Good morning. My name is Mark Ridenour, and I come here to offer testimony in support of SB 117 as a citizen of this state. I also bring my experience as a graduate of Miami University of Ohio and Chair Emeritus of its board of trustees. I am a current member and officer of the board of directors of the American Council of Trustees and Alumni, deeply focused on issues of educational excellence in American higher education.
American civic life is what binds us together. It has been my honor to serve on the boards of many nonprofit organizations, including several independent high schools, Lourdes University in Sylvania, Ohio, the Toledo Zoological Society, Mercy Health Partners, and I am the Founding President of the Susan G. Komen Foundation’s Northwest Ohio Affiliate. I believe in public service!
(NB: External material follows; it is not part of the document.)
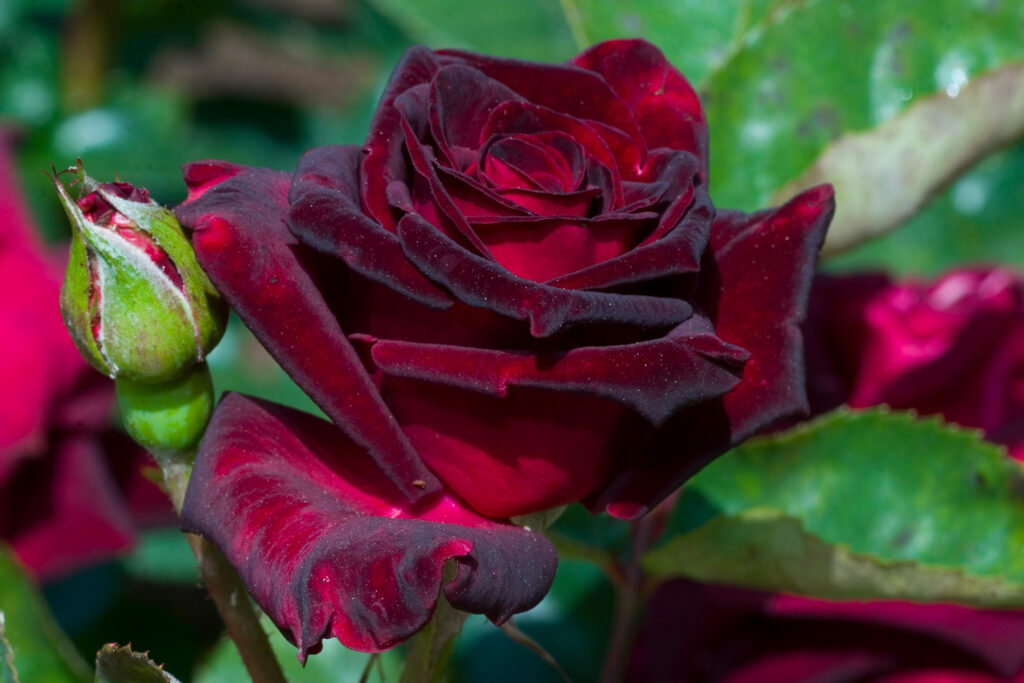 Un primo piano della rosa vellutata Black Baccara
It is this focus on the urgency of better and deeper civic education in higher education that brings me here today.
One thing I would like to emphasize above all. For the legislature to appropriate funding through SB 117 to two of Ohio’s public universities to establish a new center at The Ohio State University and a new Institute at the University of Toledo is a gift to Ohio and to the nation.
Across the nation, discerning public leaders and legislators have answered to the taxpayers of their states by establishing programs, resources, and guidelines for publicly funded institutions of higher learning. Arizona State University’s School of Civic and Economic Thought and Leadership, founded with funding from the Arizona state legislature, can boast in its sixth year:
- A new undergraduate major and minor in Civic and Economic Thought and Leadership: enrollments have climbed to 900 students in 2020-21, with 70 majors and 40 minors.
- A master’s degree in Classical Liberal Education and Leadership.
- A State Seal of Civic Literacy for high school diplomas
- A Civic Literacy Curriculum for Arizona teachers to help them “prepare the next generation of leaders for American political and civil society”
- A Summer Civic Leadership Institute for high school students
- New research in American political thought
- A Civic Discourse Lecture Series for the public
I raise the Arizona State model not to say that it is precisely what these two great Ohio institutions should develop, but to show the vast potential that such new, independent institutes or centers can have to provide educational opportunities that just haven’t been happening on campuses around the nation. Such centers or institutes represent a growing, national movement, witness the Hamilton Center at the University of Florida, the newly proposed School of Civic Life and Leadership at the University of North Carolina at Chapel Hill, and the Institute of American Civics at the University of Tennessee. Ohio should not be left behind. The commitment of these institutions to open debate and discourse and to intellectual diversity addresses a desperate need both on campus and in American society at large.
On that last point, a Pew Research poll last August showed that just in the last six years, the percentage of Americans who find members of the other political party to be “immoral” has risen roughly 30%. The charge of “unintelligent” has risen 20%. As a nation, we are in peril when we exile the better angels of our nature and demonize rather than talk openly as citizens of a free society. It is time for higher education to be part of the solution. That is one of the reasons I cherish the intent of SB 117.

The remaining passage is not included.